Drinkify: The Dark Side of Digital Entrepreneurship? - buckpost
http://www.markevanstech.com/2011/11/19/drinkify-the-dark-side/

======
LargeWu
It doesn't matter if a competitor can spring up overnight, because at the end
of the day, is Drinkify really providing any value, other than that of
fleeting novelty? I argue that no, they are not.

Real entrepreneurs create value, not products. Building something of value
takes a lot more time and hard work. The corollary of this, of course, is it's
true for your potential competitors as well.

So, if you're worried about whether your competitors can one up you in a
weekend, it might be a sign that you aren't really creating anything
worthwhile. Fun, or cool? Sure. But valuable, no.

------
mkilling
As a customer, you're the clear winner in any kind of highly competitive
market.
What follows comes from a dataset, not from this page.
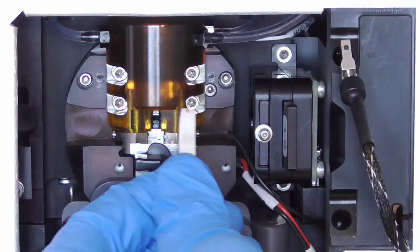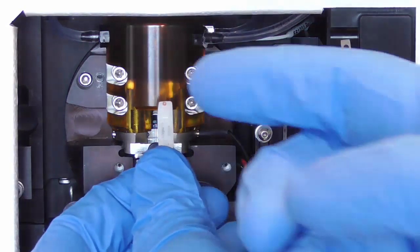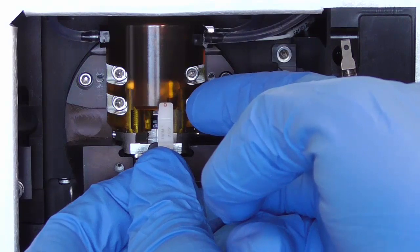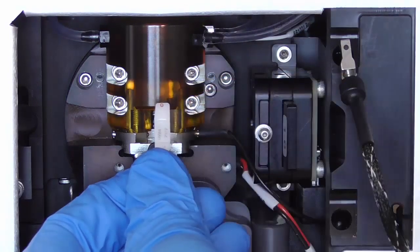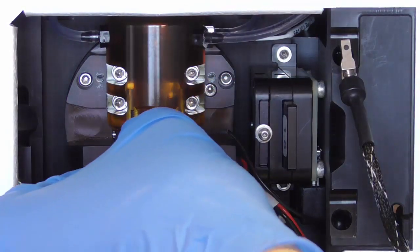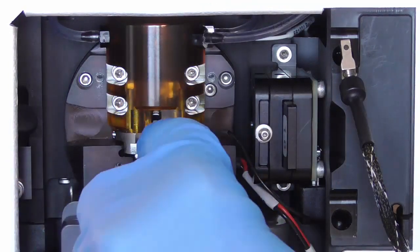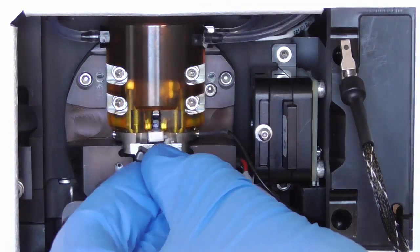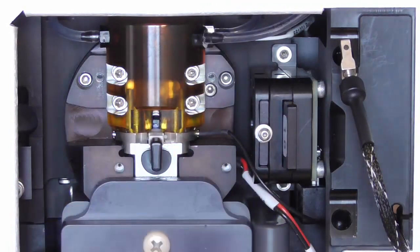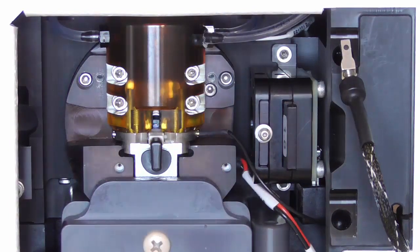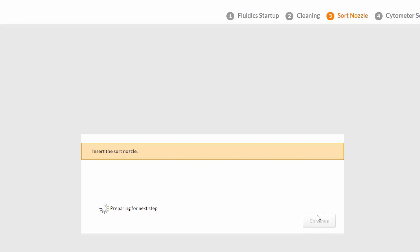Insert the sorting nozzle with the word Top facing up into place and push it all the way in. Turn the key clockwise to the 12 o'clock position to lock it into a fixed position. Click Continue and the system verifies that the sort nozzle is in place.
As an entrepreneur, though, you want to stay out of those markets by
all means.

------
kmfrk

        4 oz. Speed 
        
        Serve neat. Garnish with wedge of kiwi.
    

\- <http://drinkify.org/matthew%20good>

Is "Speed" slang or?

------
grabble
I see Drinkify as an experiment, and perhaps there will be those that use the
service for a giggle, but there isn't anything there that will help evolve
humankind.

It's not really even worth discussing, is it?

------
AznHisoka
Drinkify is a nice chuckle for 5 seconds. But that's all there is. It's like
those short-lived YouTube celebrities.